## MATERIAL FOR THE TASK:
'''

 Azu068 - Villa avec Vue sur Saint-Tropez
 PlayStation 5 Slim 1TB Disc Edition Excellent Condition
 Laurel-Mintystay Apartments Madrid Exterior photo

'''
'''

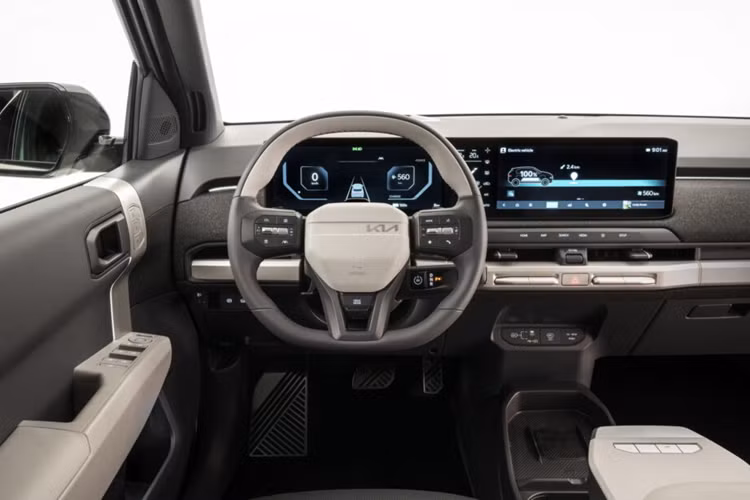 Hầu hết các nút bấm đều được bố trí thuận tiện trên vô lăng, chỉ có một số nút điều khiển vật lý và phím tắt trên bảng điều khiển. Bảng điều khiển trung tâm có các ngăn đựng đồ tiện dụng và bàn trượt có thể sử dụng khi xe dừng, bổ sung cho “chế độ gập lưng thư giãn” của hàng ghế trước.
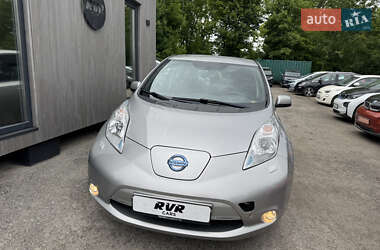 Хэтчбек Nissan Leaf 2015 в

'''

## TASK DETAILS:
With the line that has "PlayStation 5 Slim" as the first and the line that has "Laurel-Mintystay Apartments Madrid" as the last, repeat exactly that run of lines above and no more.

## ANSWER TO THE EXERCISE:
 PlayStation 5 Slim 1TB Disc Edition Excellent Condition
 Laurel-Mintystay Apartments Madrid Exterior photo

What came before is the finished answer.